Problem description: Everything from the line containing "65th Birthday Card" to the last line of the material below must be retyped exactly, both ends included; skip the pictures.

Given information:
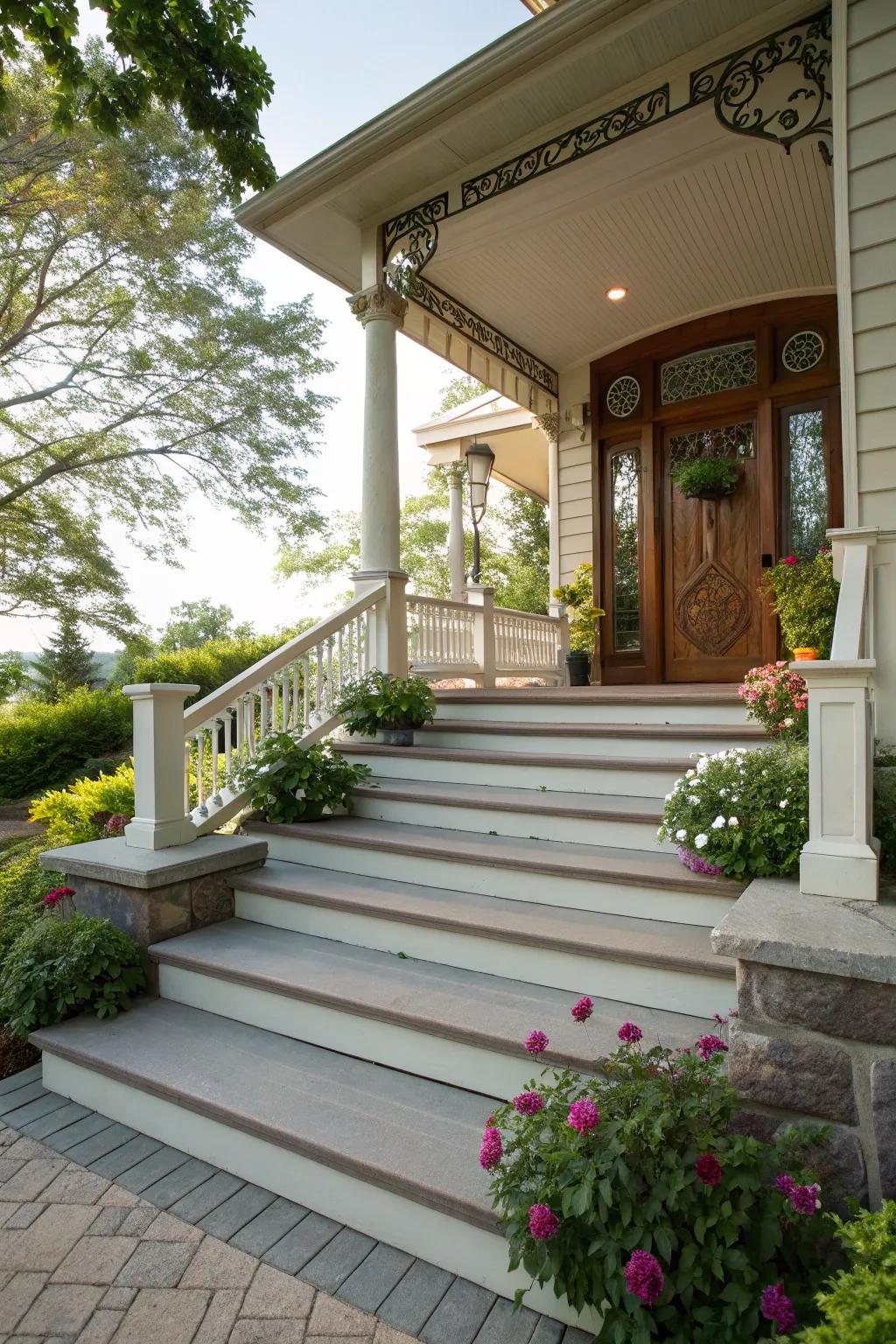 Multi-tiered steps add dimension and grandeur.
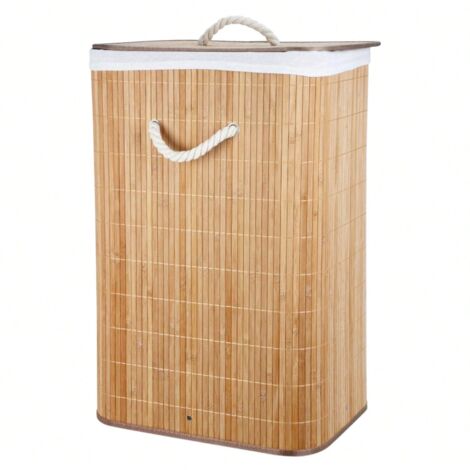 Cesta de lavandería plegable de bambú natural de gran capacidad de 70 l, color madera original, 40 × 30 × 60 cm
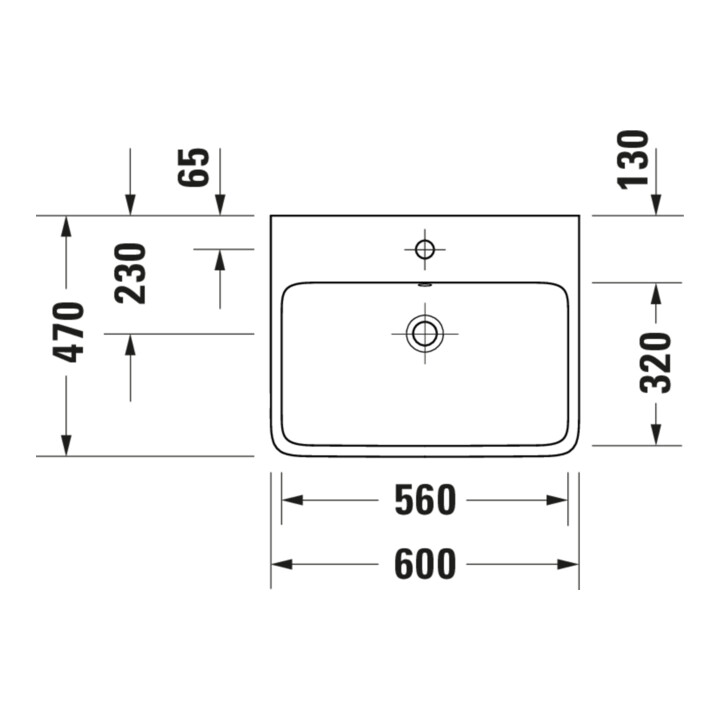 Duravit Vasque Qatego 60x47 cm, blanc hgl, avec trou robinet, trop-plein, perçage robinet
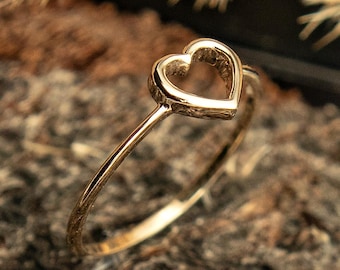 Open Heart Love Ring, Promise Love Ring, Minimalist Jewelry, Heart women ring 14k solid gold, 14K Gold Stackable Band, Dainty Heart Band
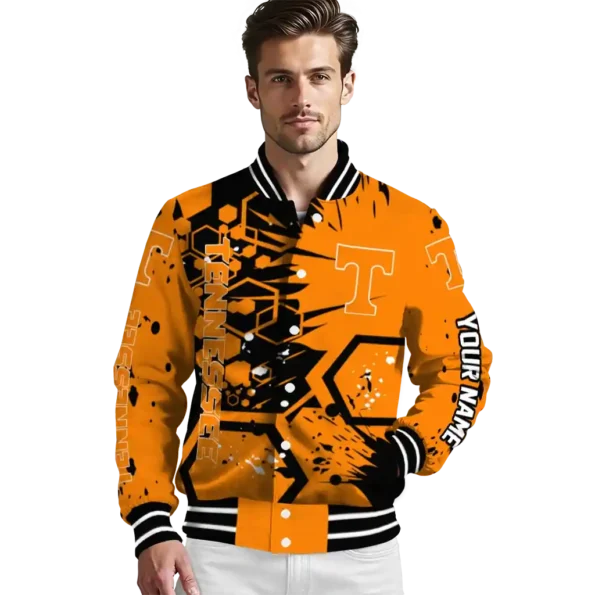 personalized tennessee volunteers hexagon cluster orange black varsity jacket high quality.webp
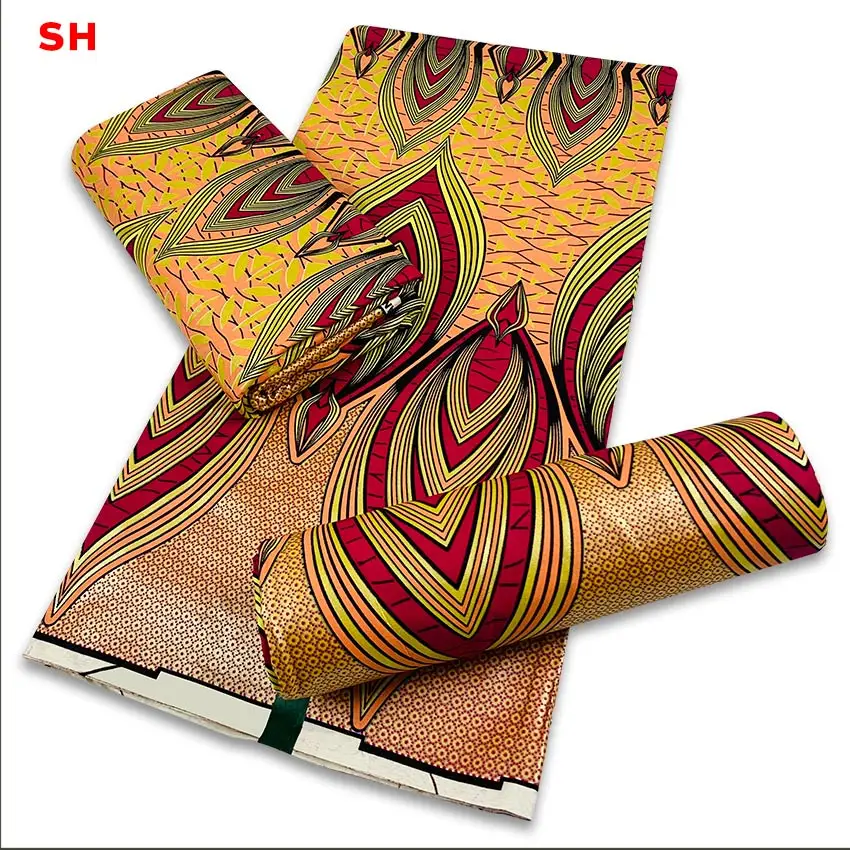 Платье из ткани с Африканским золотым воском для рождественской вечеринки H210714 |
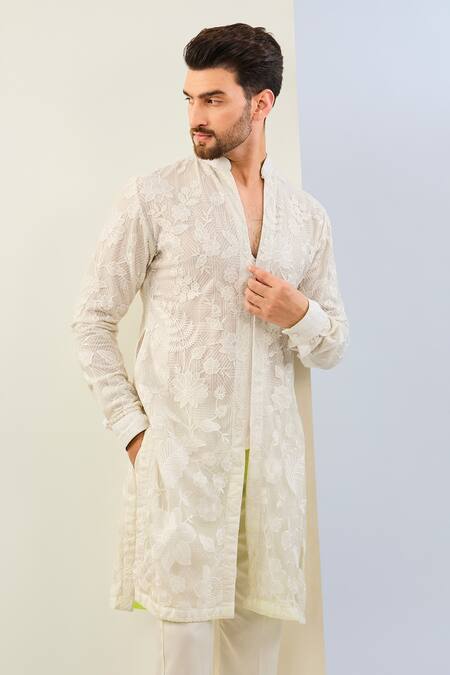 Rabani & Rakha White Net, Cotton, Silk Sequins Floral Embroidered Kurta Set Online at Aza Fashions Rabani & Rakha_White Net, Cotton, Silk Sequins Floral Embroidered Kurta Set _Online_at_Aza_Fashions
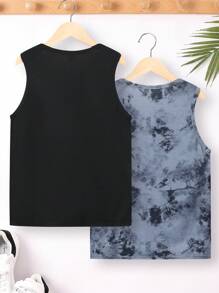 男童寬鬆款圓領背心套裝,印有字母圖案,2入組 - 彩色 - 查看 2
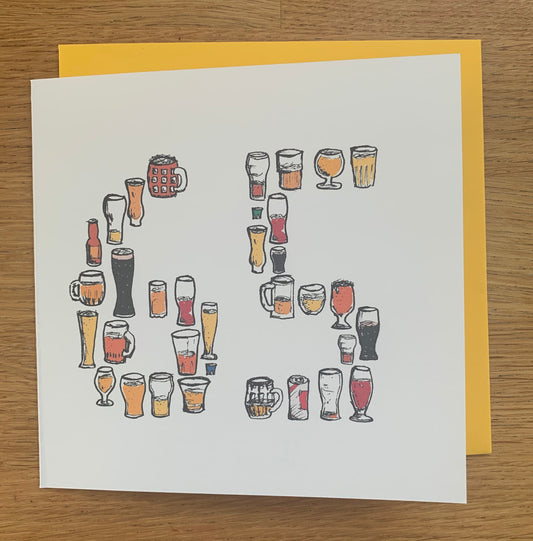 65th Birthday Card for Beer Lovers – 65 Hand-Drawn Milestone Card – Brew Lover Greeting for Him, male, man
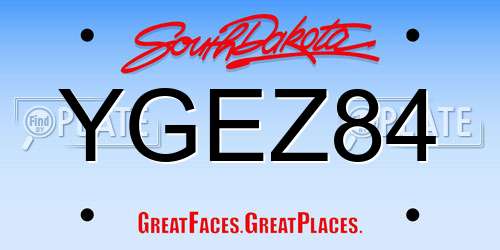 YGEZ84 South Dakota License Plate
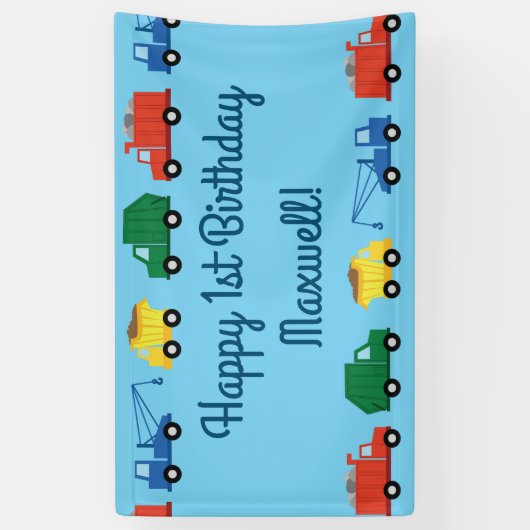 トラック車かわいい1st誕生日パーティーテーマ 横断幕 (縦)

Finished task:
 65th Birthday Card for Beer Lovers – 65 Hand-Drawn Milestone Card – Brew Lover Greeting for Him, male, man
 YGEZ84 South Dakota License Plate
 トラック車かわいい1st誕生日パーティーテーマ 横断幕 (縦)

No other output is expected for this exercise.